It’s easy to become confused about bonds – the term covers a wide range of financial products, many of which are very different from each other. In this video, Ed Bowsher offers a simple explanation of the main types of bond.
If you’ve ever thought about investing or saving any spare cash you may have, you’ve probably come across the word ‘bonds’. This word is used to describe a range of very different financial products.
The different types of bonds are:
Fixed rate bonds or cash bonds
These are basically savings accounts. You tie your money up for a set period of time, with which you get a guaranteed set interest rate. The bonuses are they are safe and you can plan ahead. The downsides: interest rates are low, so if interest rates in the wider economy start to rise, your fixed rate bond will stay low.

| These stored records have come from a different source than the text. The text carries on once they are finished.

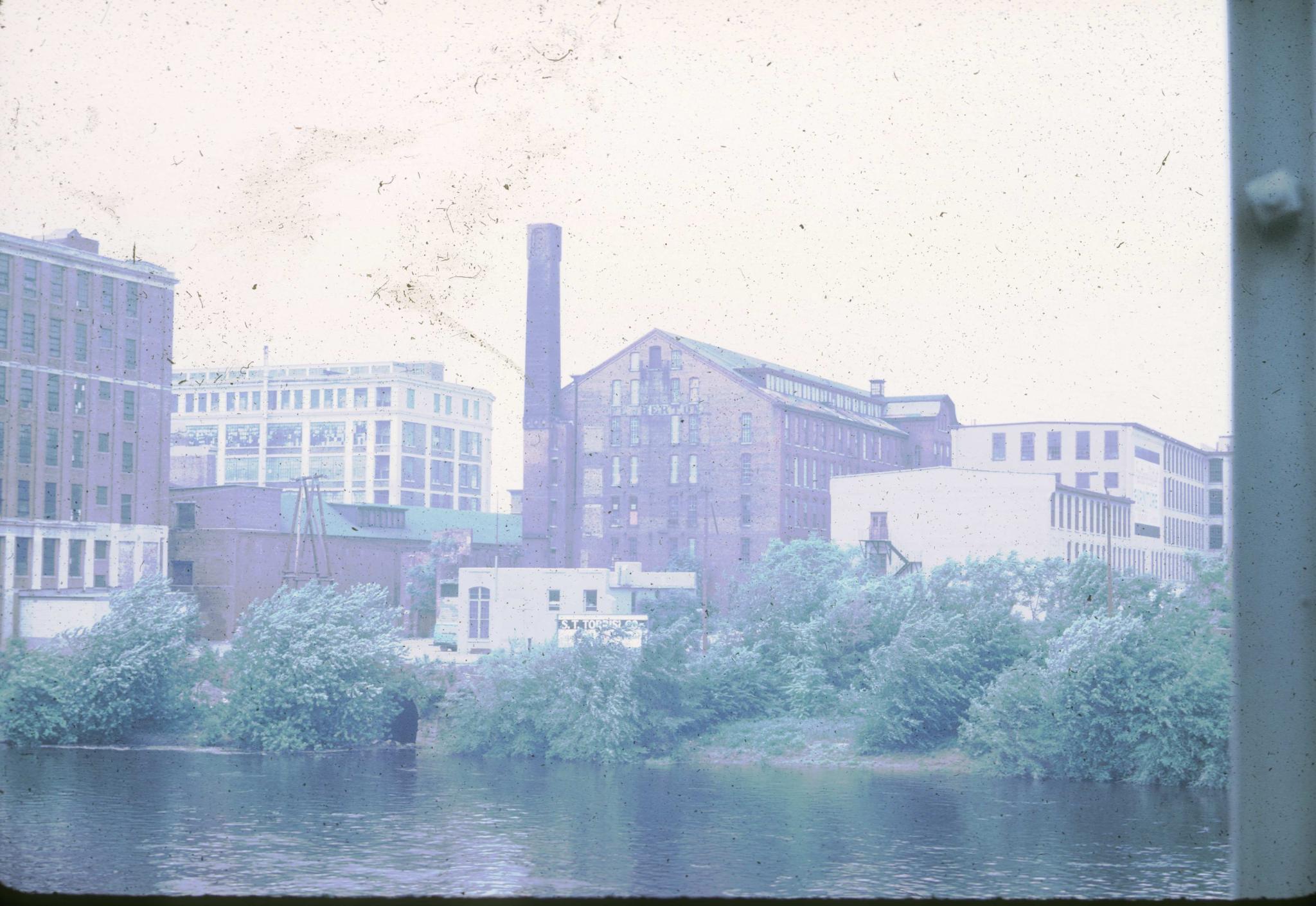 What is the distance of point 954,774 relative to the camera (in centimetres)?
2253

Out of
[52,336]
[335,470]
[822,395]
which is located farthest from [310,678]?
[335,470]

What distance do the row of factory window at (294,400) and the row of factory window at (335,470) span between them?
163 cm

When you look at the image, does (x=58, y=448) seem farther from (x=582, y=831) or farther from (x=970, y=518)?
(x=970, y=518)

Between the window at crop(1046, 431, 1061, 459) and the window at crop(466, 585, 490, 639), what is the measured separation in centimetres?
1459

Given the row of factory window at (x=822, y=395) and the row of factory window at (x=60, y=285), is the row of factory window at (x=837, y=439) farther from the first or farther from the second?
the row of factory window at (x=60, y=285)

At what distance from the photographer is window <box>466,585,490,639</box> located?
2927cm

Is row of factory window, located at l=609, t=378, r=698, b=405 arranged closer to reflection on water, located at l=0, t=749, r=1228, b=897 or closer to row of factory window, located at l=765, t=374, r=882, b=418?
row of factory window, located at l=765, t=374, r=882, b=418

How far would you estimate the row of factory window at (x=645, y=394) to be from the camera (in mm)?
36406

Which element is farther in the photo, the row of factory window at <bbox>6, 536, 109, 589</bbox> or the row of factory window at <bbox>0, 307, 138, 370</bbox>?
the row of factory window at <bbox>0, 307, 138, 370</bbox>

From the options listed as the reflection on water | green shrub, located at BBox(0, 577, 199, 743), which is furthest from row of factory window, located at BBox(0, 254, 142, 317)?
the reflection on water

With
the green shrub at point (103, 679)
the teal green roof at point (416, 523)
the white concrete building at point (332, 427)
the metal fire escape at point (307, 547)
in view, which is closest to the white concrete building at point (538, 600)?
the teal green roof at point (416, 523)

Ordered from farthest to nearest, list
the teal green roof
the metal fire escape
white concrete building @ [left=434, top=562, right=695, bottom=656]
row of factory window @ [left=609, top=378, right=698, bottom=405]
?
row of factory window @ [left=609, top=378, right=698, bottom=405] < the teal green roof < the metal fire escape < white concrete building @ [left=434, top=562, right=695, bottom=656]

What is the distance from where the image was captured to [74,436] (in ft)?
97.9

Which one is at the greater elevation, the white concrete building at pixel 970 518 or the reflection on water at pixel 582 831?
the white concrete building at pixel 970 518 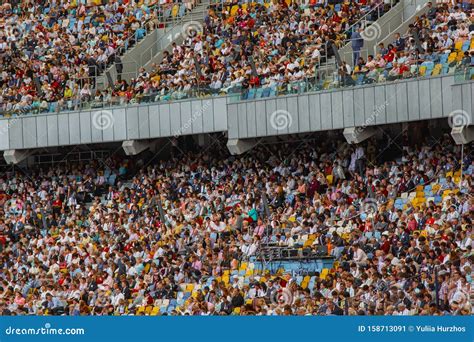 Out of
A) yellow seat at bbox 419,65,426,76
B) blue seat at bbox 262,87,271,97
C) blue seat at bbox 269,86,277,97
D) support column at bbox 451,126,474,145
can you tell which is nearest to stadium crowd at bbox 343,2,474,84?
yellow seat at bbox 419,65,426,76

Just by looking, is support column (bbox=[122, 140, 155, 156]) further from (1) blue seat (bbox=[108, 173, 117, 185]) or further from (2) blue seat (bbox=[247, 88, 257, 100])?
(2) blue seat (bbox=[247, 88, 257, 100])

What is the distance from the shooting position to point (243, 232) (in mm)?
42000

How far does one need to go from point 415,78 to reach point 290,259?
6.20 meters

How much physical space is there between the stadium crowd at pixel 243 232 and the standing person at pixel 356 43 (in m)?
2.79

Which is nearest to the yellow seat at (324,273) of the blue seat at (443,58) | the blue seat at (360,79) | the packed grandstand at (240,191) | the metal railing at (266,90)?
the packed grandstand at (240,191)

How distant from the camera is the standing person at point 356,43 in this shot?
147ft

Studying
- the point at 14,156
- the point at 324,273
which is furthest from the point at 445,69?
the point at 14,156

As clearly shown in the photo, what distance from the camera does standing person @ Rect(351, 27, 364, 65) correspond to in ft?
147

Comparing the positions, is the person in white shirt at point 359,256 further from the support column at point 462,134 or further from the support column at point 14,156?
the support column at point 14,156

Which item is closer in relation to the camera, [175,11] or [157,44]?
[157,44]

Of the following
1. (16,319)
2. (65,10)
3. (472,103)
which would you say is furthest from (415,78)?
(65,10)

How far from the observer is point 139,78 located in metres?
50.1

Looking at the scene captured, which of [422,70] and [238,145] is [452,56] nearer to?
[422,70]

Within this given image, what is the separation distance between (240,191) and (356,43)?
19.2 feet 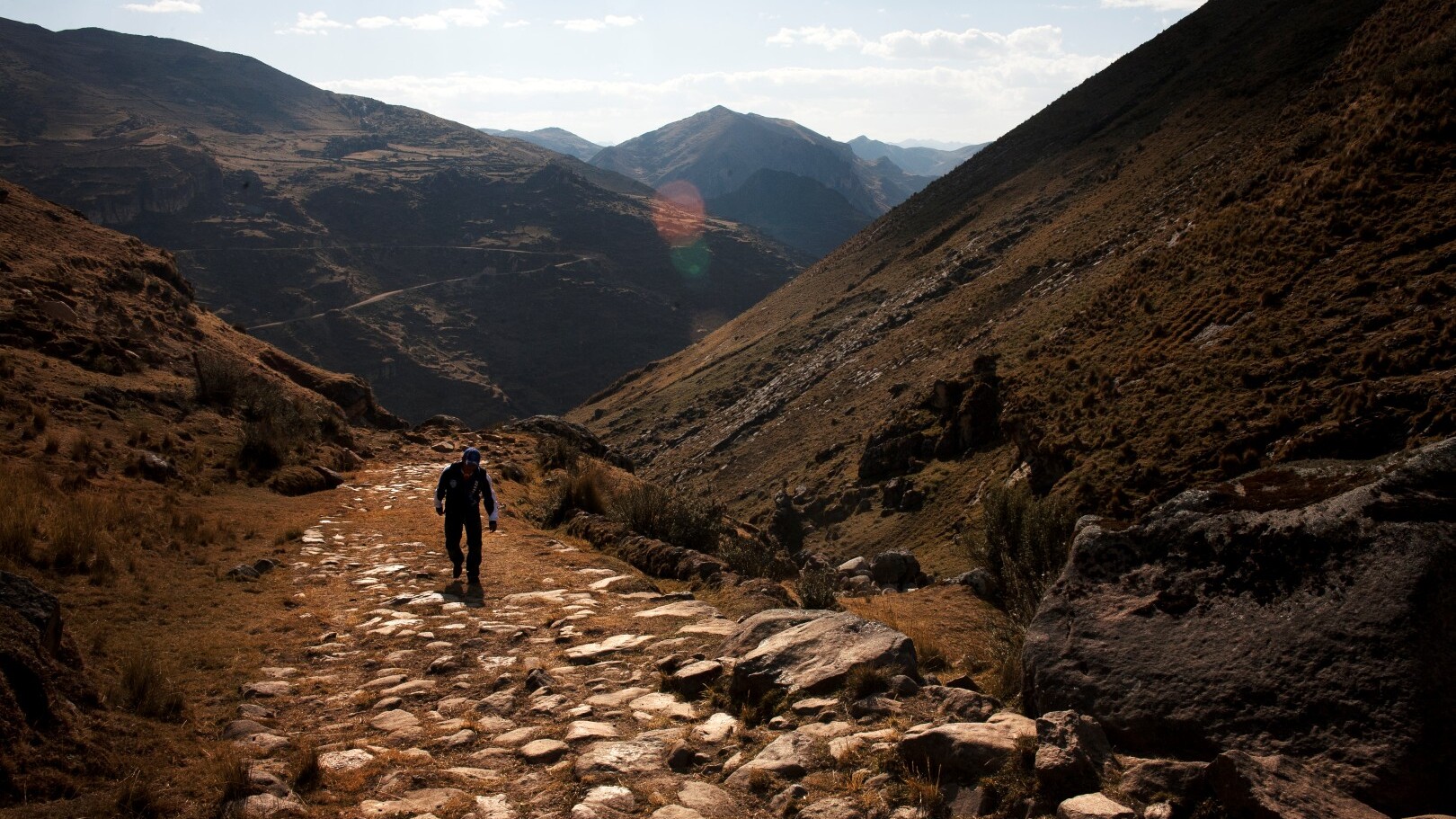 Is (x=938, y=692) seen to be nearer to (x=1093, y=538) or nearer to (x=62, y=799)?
(x=1093, y=538)

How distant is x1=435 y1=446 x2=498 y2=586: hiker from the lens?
948 centimetres

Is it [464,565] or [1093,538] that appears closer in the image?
[1093,538]

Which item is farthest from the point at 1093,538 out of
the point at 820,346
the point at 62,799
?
the point at 820,346

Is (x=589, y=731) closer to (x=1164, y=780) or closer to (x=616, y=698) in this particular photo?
(x=616, y=698)

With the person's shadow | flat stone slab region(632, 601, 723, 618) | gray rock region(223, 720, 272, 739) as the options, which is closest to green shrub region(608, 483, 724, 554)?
the person's shadow

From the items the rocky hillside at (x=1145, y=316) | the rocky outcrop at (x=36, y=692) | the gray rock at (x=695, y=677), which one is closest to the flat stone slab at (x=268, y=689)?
the rocky outcrop at (x=36, y=692)

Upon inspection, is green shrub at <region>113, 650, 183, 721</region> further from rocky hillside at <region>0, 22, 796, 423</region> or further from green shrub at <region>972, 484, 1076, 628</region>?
rocky hillside at <region>0, 22, 796, 423</region>

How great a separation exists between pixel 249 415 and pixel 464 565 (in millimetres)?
9518

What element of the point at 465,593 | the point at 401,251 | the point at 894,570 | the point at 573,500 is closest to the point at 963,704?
the point at 465,593

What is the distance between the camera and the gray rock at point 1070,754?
11.6ft

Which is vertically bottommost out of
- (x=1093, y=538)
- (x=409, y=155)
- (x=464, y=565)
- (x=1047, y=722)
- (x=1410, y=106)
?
(x=464, y=565)

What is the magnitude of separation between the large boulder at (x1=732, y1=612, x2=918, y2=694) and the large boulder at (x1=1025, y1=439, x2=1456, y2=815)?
3.11ft

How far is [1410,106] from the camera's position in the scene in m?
13.9

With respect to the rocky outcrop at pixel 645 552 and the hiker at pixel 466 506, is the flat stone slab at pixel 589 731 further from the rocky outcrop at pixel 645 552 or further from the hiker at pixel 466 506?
the hiker at pixel 466 506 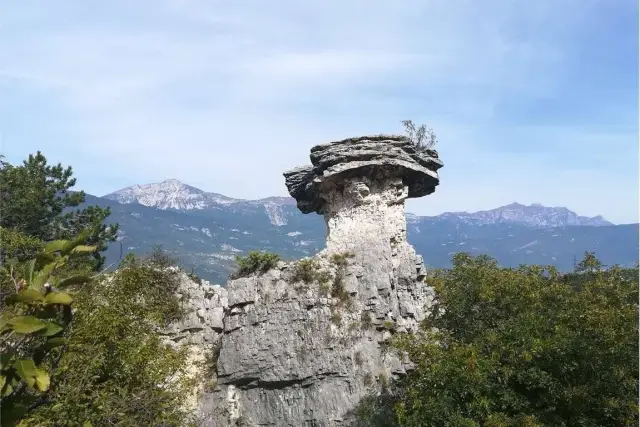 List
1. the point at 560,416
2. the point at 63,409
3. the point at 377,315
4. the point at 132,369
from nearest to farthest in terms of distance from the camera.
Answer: the point at 63,409 < the point at 560,416 < the point at 132,369 < the point at 377,315

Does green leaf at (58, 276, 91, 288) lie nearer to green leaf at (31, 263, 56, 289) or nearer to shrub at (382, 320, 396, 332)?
green leaf at (31, 263, 56, 289)

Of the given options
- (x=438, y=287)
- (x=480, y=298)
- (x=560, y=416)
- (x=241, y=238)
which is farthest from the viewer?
(x=241, y=238)

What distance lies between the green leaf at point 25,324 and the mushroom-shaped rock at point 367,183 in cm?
1603

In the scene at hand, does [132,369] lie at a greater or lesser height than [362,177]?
lesser

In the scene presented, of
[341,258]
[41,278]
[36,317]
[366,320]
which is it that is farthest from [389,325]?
[41,278]

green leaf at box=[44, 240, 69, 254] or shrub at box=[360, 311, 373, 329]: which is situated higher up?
green leaf at box=[44, 240, 69, 254]

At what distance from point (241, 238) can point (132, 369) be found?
184 meters

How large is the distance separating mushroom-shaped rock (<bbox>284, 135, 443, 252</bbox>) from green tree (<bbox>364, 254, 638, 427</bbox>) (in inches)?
257

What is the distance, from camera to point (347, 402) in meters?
17.0

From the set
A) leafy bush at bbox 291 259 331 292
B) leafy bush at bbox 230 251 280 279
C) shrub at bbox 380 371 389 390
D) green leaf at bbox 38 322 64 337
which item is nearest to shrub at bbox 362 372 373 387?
shrub at bbox 380 371 389 390

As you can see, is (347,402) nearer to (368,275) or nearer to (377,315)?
(377,315)

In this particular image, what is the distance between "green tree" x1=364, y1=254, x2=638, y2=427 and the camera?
11.2 meters

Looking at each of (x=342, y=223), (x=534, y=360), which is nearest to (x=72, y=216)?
(x=342, y=223)

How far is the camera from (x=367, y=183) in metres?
20.7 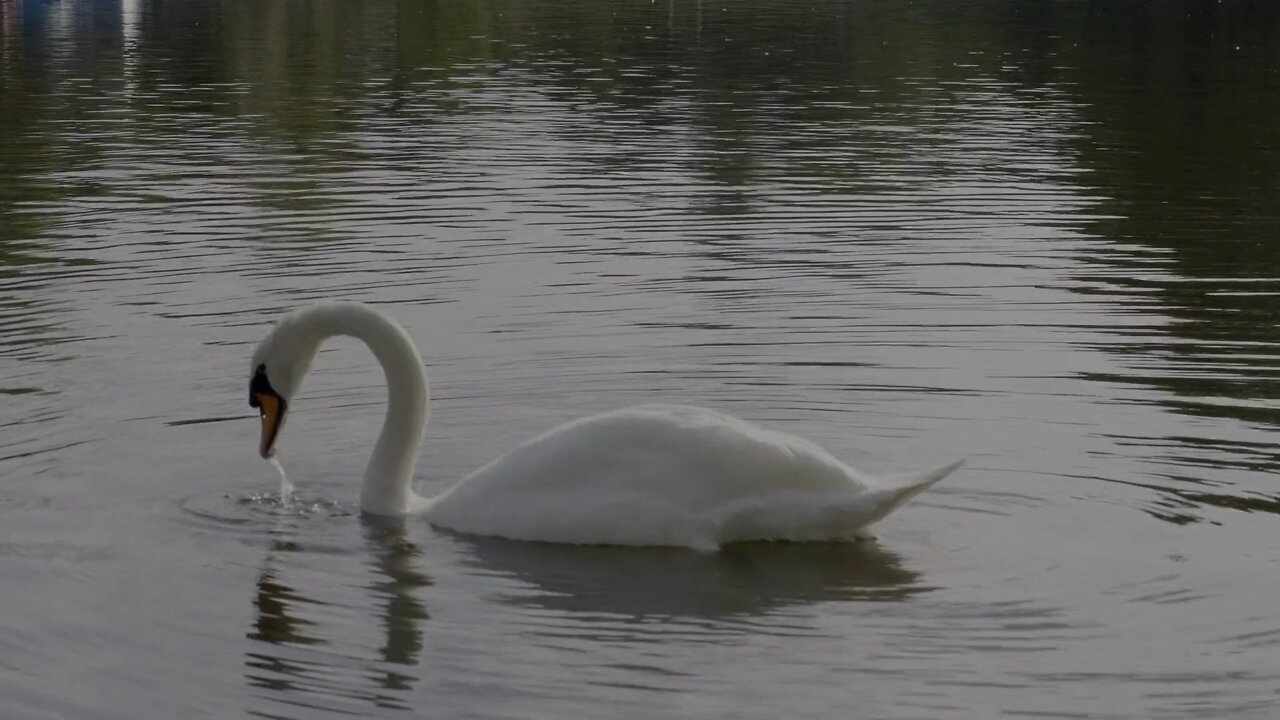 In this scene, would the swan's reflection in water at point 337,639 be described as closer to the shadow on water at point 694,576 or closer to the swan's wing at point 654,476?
the shadow on water at point 694,576

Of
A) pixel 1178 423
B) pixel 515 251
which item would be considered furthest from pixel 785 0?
pixel 1178 423

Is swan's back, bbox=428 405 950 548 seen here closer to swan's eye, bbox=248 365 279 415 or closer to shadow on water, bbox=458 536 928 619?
shadow on water, bbox=458 536 928 619

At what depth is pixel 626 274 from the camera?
59.3ft

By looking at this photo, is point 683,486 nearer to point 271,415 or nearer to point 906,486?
point 906,486

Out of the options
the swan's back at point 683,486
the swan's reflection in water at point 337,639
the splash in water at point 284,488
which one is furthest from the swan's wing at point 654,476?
the splash in water at point 284,488

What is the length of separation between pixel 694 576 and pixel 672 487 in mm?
466

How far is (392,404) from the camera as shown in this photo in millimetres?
10922

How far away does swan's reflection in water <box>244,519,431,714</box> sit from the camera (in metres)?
8.33

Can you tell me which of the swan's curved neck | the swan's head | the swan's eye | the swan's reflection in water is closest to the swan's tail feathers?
the swan's reflection in water

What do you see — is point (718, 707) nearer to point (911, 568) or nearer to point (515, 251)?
point (911, 568)

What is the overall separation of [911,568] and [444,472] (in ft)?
9.92

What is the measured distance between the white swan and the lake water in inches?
5.4

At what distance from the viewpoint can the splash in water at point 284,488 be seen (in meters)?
10.9

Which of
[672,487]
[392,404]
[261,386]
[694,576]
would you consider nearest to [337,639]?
[694,576] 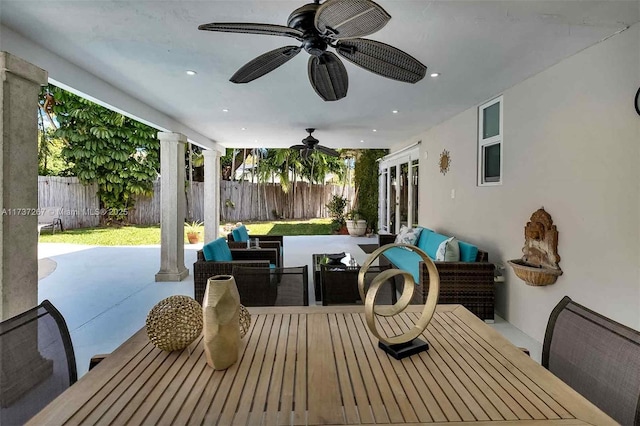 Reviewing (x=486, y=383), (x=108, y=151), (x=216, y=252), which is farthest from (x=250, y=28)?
(x=108, y=151)

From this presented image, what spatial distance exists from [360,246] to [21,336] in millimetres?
7500

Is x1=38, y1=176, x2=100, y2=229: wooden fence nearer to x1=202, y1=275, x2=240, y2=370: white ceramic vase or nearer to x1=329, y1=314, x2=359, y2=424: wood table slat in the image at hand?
x1=202, y1=275, x2=240, y2=370: white ceramic vase

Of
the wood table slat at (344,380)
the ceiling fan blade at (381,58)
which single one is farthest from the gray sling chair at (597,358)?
the ceiling fan blade at (381,58)

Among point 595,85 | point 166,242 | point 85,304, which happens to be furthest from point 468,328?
point 166,242

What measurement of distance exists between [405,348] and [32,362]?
4.31ft

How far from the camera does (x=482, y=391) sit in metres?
0.99

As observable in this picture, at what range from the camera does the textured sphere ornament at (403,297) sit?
1.18m

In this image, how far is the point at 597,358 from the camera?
1197 millimetres

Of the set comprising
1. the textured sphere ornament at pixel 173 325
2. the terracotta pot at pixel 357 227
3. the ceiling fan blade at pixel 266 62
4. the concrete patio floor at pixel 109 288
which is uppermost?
the ceiling fan blade at pixel 266 62

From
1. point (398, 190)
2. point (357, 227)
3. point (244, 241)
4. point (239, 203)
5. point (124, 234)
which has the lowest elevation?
point (124, 234)

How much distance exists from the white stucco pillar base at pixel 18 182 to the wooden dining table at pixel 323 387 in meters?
1.62

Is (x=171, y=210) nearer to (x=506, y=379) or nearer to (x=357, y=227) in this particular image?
(x=506, y=379)

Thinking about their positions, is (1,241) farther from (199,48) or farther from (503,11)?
(503,11)

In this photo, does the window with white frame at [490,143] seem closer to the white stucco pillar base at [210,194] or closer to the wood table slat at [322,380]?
the wood table slat at [322,380]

UK government bonds or guilts
This is essentially when you lend money to the government and get an IOU in return. The government are always launching new guilts. It’s a long term investment with a low interest rate. You can sell your guilt early on the financial market, but you won’t necessarily get your original investment back, because guilts are traded on the stock market, so their value could rise or fall in the meantime. At the moment the current price of guilts are very high, so now is not a good time to invest in guilts.
Corporate bonds are similar to guilts, but issued by individual companies. They are traded on the markets and their value goes up and down from day to day. Corporate bonds pay a higher return than guilts because they’re seen as a higher risk. Some companies are riskier to invest in, so you get a higher return.
It has become much easier to invest in corporate bonds because of the ORB, run by London stock exchange. More info available at: https://www.londonstockexchange.com/
Profits bond or investment bond
These were very popular in the 1960s/70s, but are now largely discredited. The charges are very high with a disappointing performance. Steer clear.
These are a new innovation, similar to corporate bonds, but are typically issued by smaller, newer companies. You’re tied in for a term of three years and won’t be able to sell your bond at all until the bond matures in three years’ time. Lot of mini bonds have paid high return rates, so some private investors have invested in mini bonds because they want the higher rate. However, they’ve often not appreciated how risky some of these mini bonds can be. Small companies are more likely to go bust, if they do you won’t get your money back.